Natürlich braucht die Seite Sponsoren, aber schlank war BLASC einfach unübertreffbar. Doch jetzt glaub ich werden sie viele Teilnehmer verlieren. Naja, ich werde lieber anfangen mir selber ein Charakter Upload zusammenzubasteln, wenn sich bei BLASC nichts mehr zum guten wendet.

Schade eigentlich *winkt*


----------



## Maine (28. August 2006)

der Tenor hier ist ja doch recht einstimmig...
Hoffentlich bewirkts was


----------



## TeXer (28. August 2006)

Leute was habt Ihr denn aus Blasc gemacht? Das is ja zum kotzen, Blasc war die beste Seite was das schnelle Finden angeht, übersichtlich und man konnte nach Sachen suchen (Chars,Q's,Items). Den Schrott den Ihr hier verbockt habt schießt wohl den Vogel ab. Richtet ne Subdomain ein wo die originale Blasc-HP liegt, aber den Fuck hier tu ich mir nich an, sry für die harten Worte, Seiten werden im Regelfall besser, aber das hier geht ja wohl voll in die falsche Richtung.

Ich habs erst heute mitbekommen, wo die Gilde im TS über das derzeitige "Blasc" geschimpft hat, macht die Scheiße hier wieder weg, o. die Kunden tun es. Is ja schlimm.


----------



## trizzorb (28. August 2006)

habe mich heute hier angemeldet und war auch vorher noch nie hier... also mir gefällt das design schon aber nicht für eine WoW seite! das design passt vllt zu einer cs/css page aber echt nicht zu WoW!!!

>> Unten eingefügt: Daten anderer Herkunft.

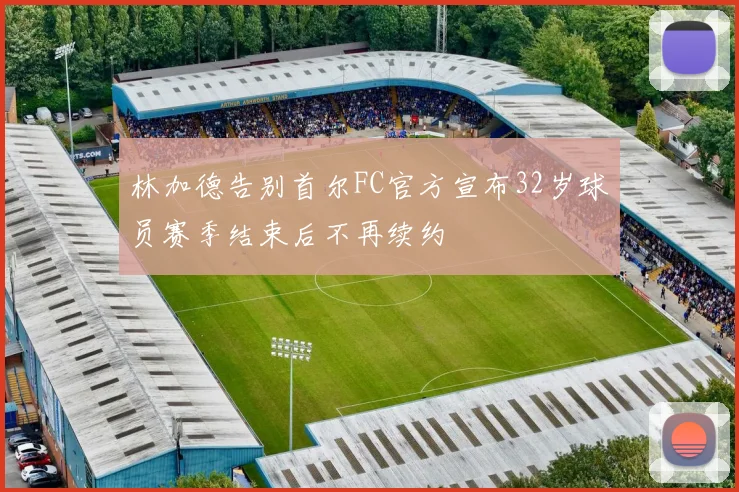 林加德告别首尔FC官方宣布32岁球员赛季结束后不再续约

aber das geschimpfe über die ladezeiten kann ich nicht nachvollziehen geht bei mir rucki zucki...

MKAY... ich bin raus



nachtrag: beiträge posten geht ja fast gar nicht! ganz ganz böse dudu 


			Dieser Inhalt steht nur eingeloggten Mitgliedern zur Verfügung.


----------



## Mitta (28. August 2006)

"Der Mensch ist ein Gewohnheitstier" - das bestätigt sich wieder einmal mit diesem Threat! Das Design ist neu, anders, teilweise gegensätzlich aber auf keinen Fall schlecht.
Überladen? Ja, die Startseite geht genau den Weg den Google nicht gegangen ist, aber machen all die anderen Suchmaschinenbetreiber und Portale den selben Fehler und sind deshalb schlecht? Nein

Back to Topic: Die Seite ist neu - einige werden sich sicher an den Style gewöhnen, manche vielleicht nicht. Aber das Blascteam wird sicherlich noch viel Zeit in die Inhalte reinstecken bis sie die Startseite etwas lauflockern wird. Hier ein paar Pixel mehr Rand, da die Grafik etwas schmaler. Ich bin mir sicher das kommt noch. Nur heute nicht, denn die Jungs haben die letzten Tage und Nächte einige Überstunden hingelegt und sind noch nicht fertig mit den Inhalten und Optimierungen.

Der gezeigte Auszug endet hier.